XML is a standard, simple, self-describing way of encoding both text and data so that content can be processed with relatively little human intervention and exchanged across diverse hardware, operating systems, and applications.

 

In brief, XML offers a widely adopted standard way of representing text and data in a format that can be processed without much human or machine intelligence. Information formated in XML can be exchanged across platforms, languages, and applications, and can be used with a wide range of development tools and utilities.

 

Source:http://www.softwareag.com/xml/about/starters.htm

 

Introduction

 

XML (Extensible Markup Language) is a general-purpose specification for creating custom markup languages. It is classified as an extensible language, because it allows the user to define the mark-up elements. XML's purpose is to aid information systems in sharing structured data, especially via the Internet, to encode documents, and to serialize data; in the last context, it compares with text-based serialization languages such as JSON, YAML and S-Expressions.

 

XML's set of tools helps developers in creating web pages but its usefulness goes well beyond that. XML, in combination with other standards, makes it possible to define the content of a document separately from its formatting, making it easy to reuse that content in other applications or for other presentation environments.

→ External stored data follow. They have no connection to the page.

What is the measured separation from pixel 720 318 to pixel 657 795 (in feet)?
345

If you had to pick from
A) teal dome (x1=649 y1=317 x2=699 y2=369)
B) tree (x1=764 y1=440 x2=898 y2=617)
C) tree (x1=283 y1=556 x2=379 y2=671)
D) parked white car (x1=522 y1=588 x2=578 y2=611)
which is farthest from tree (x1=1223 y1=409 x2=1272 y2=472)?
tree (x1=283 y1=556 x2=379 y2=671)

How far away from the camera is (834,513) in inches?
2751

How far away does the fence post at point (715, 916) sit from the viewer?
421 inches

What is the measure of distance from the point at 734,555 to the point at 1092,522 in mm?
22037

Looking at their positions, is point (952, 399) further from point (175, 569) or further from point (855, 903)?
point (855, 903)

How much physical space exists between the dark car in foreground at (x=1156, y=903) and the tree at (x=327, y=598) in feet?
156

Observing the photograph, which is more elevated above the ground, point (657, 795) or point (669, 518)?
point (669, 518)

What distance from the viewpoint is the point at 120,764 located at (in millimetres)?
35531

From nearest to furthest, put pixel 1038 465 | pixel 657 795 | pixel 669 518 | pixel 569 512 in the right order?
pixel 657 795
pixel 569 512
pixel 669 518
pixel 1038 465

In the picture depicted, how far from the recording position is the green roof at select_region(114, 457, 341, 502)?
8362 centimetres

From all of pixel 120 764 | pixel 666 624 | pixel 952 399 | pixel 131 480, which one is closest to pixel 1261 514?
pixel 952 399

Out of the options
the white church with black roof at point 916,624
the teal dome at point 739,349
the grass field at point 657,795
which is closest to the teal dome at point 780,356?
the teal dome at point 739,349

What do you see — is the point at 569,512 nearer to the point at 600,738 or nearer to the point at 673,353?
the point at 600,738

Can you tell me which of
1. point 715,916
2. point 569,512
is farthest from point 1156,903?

Most importantly, XML provides a basic syntax that can be used to share information between different kinds of computers, different applications, and different organizations without needing to pass through many layers of conversion.

 

XML began as a simplified subset of the Standard Generalized Markup Language (SGML), meant to be readable by people via semantic constraints; application languages can be implemented in XML. These include XHTML, RSS, MathML, GraphML, Scalable Vector Graphics, MusicXML, and others. Moreover, XML is sometimes used as the specification language for such application languages.

 

XML is recommended by the World Wide Web Consortium (W3C). It is a fee-free open standard. The recommendation specifies lexical grammar and parsing requirements.

 

HINTS for using XML in your solutions/projects

 

1.a Allowed characters in XML files

As <, > and &, have a special meaning in XML files (solutions, projects etc.) it is not allowed to use them in descriptions, titles etc.

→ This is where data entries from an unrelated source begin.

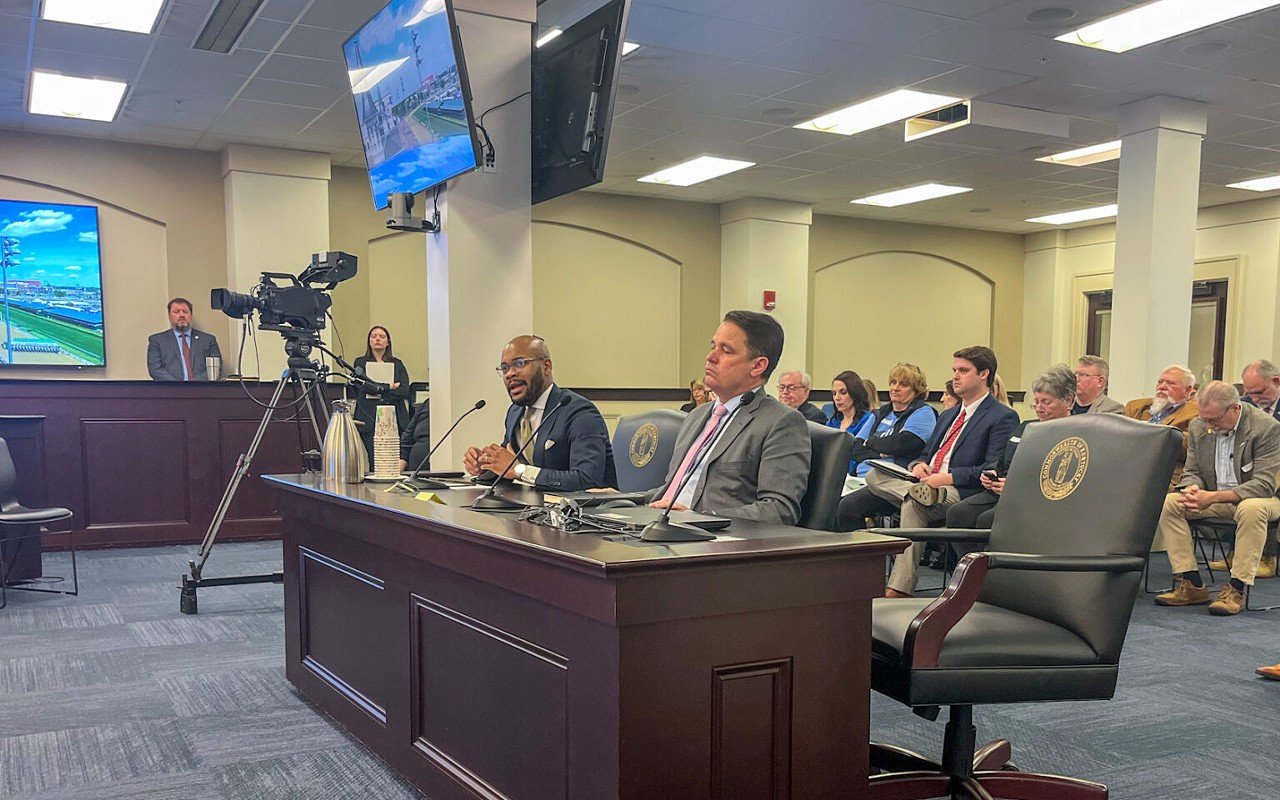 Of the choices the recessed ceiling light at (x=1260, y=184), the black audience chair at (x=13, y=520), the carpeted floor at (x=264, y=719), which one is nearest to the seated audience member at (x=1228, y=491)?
the carpeted floor at (x=264, y=719)

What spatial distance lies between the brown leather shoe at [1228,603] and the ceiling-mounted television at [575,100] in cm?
346

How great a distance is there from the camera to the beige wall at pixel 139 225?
7941 mm

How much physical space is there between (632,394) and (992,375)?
6168mm

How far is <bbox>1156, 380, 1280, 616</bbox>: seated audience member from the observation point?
15.9ft

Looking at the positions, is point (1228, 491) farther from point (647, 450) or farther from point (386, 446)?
point (386, 446)

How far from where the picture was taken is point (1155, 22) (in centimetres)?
549

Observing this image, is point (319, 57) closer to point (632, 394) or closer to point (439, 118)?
point (439, 118)

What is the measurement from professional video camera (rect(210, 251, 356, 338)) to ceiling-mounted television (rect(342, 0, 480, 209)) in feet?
1.28

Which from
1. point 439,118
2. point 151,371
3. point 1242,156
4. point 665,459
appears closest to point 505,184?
point 439,118

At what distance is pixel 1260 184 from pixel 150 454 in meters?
9.83

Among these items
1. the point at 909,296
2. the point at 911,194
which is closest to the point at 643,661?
the point at 911,194

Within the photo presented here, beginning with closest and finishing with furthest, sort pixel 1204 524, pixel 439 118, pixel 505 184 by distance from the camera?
pixel 439 118, pixel 505 184, pixel 1204 524

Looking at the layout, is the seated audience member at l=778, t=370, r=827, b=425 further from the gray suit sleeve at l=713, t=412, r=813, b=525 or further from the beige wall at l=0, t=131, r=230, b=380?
the beige wall at l=0, t=131, r=230, b=380

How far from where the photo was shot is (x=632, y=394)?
34.8 feet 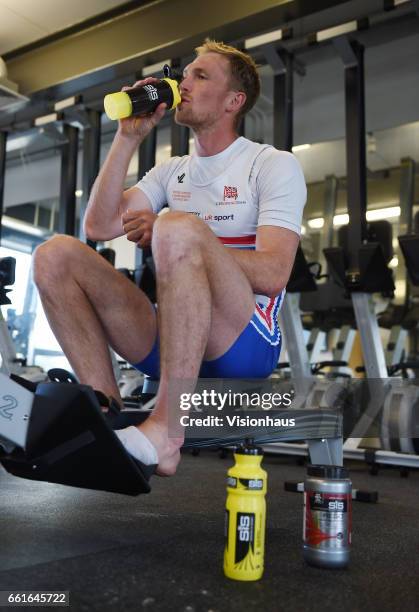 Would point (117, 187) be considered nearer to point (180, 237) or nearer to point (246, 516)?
point (180, 237)

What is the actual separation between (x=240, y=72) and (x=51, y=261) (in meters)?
0.80

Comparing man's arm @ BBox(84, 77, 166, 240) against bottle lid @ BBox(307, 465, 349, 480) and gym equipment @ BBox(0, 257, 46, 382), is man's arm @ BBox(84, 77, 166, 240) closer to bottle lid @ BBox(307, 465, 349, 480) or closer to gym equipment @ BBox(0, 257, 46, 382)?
gym equipment @ BBox(0, 257, 46, 382)

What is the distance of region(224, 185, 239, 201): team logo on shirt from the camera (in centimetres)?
152

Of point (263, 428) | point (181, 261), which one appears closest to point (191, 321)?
point (181, 261)

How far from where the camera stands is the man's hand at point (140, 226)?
1260mm

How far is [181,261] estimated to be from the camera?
1104 mm

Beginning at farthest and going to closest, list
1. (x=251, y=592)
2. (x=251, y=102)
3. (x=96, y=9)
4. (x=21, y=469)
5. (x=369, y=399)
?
(x=96, y=9)
(x=369, y=399)
(x=251, y=102)
(x=21, y=469)
(x=251, y=592)

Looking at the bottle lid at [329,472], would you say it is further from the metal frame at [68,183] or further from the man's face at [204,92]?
the metal frame at [68,183]

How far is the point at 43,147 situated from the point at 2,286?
136 inches

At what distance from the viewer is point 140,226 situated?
1.26 metres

Notice: in your XML files you have to substitute following operators:

     

 Examples:

  rule="a < b & c > b" - wrong

  rule="a &lt; b &amp; c &gt; b" - correct

 

  <description> ... uses Lintul2 & Slim</description> - wrong

  <description> ... uses Lintul2 &amp; Slim</description> - correct;

 

1.b Quotes within quotes in XML files

Obviously this can not work: title="A streetcar named "Desire"". To use quotes within xml attributes you have these alternatives:

- use single quotes for the qouted text: title="A streetcar named 'Desire'"

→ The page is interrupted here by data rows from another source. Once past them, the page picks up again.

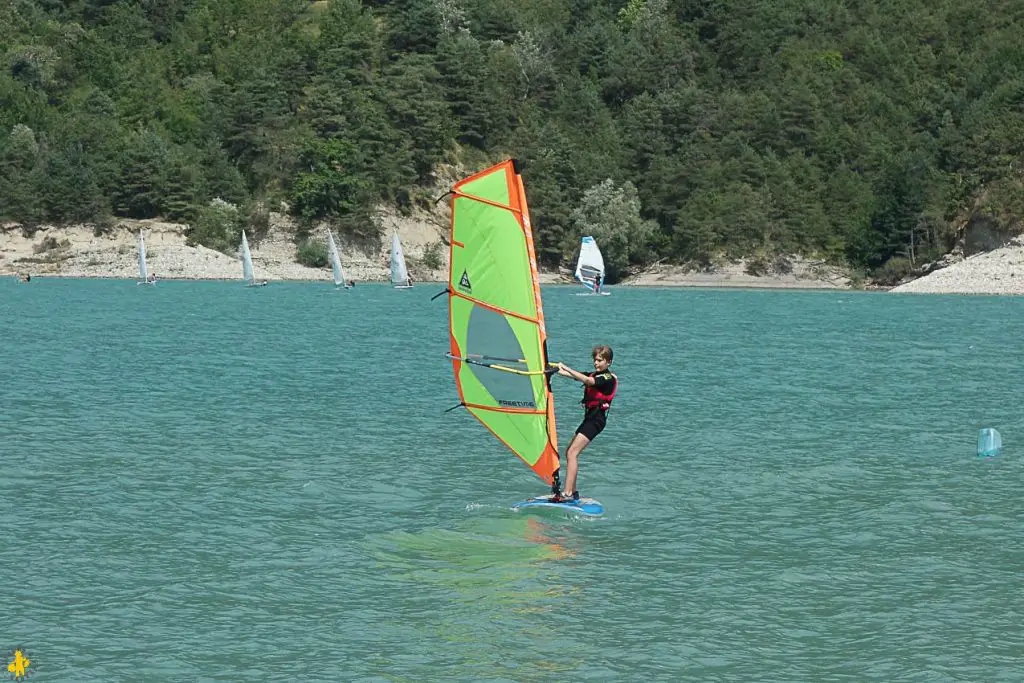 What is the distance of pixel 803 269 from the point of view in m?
155

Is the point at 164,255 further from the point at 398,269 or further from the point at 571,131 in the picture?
the point at 571,131

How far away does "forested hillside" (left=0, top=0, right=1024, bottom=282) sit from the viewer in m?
156

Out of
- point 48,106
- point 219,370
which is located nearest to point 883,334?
point 219,370

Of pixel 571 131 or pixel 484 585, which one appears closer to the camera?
pixel 484 585

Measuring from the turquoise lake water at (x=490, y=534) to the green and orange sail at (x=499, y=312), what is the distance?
221 centimetres

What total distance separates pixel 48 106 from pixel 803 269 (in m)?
104

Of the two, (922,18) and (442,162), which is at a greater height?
(922,18)

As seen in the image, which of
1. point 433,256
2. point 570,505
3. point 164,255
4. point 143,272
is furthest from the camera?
point 433,256

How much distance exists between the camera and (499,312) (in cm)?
2252

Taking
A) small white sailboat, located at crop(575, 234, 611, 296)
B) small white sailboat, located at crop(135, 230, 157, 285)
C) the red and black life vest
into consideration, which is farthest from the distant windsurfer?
small white sailboat, located at crop(135, 230, 157, 285)

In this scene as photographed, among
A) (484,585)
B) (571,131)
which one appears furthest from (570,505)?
(571,131)

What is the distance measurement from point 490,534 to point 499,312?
394 cm

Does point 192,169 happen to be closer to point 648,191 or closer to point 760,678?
point 648,191

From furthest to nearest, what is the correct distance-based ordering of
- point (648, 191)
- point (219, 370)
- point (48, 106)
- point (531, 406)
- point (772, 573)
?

- use single quotes to enclose the attribute: title='A streetcar named "Desire"'

- use &quot; for ": title="A streetcar named &quot;Desire&quot;"

 

2. Order of attributes for ressources

Technically the order of attributes does not matter, but for readability one should keep an order, like:

       1. id

       2. datatype

       3. unit

       4. description

 5a. key    ( for <res>)

 5b. rule   (for <mgm>, <out> etc.)

 5c. source (in <inputs>

 

3. When to add units=""

       - Has the variable a dimension / is used for calculation? - yes

 - Is the variable a DATE, a CHAR, a BOOLEAN or acts as a switch? - no

 

4. Where to add units?

       - to <var> and <dyn>

 - to <res>

 - to <parameter> (variables fom datafiles that are in xml-format)

 

5. Where units should be omitted?

 - input (unit is determined by the SimVariable)

       - out (unit is determined by the SimVariable)

 

Correctness

 

An XML document has two correctness levels:

 

Well-formed. A well-formed document conforms to the XML syntax rules; e.g. if a start-tag (< >) appears without a corresponding end-tag (</>), it is not well-formed. A document not well-formed is not in XML; a conforming parser is disallowed from processing it.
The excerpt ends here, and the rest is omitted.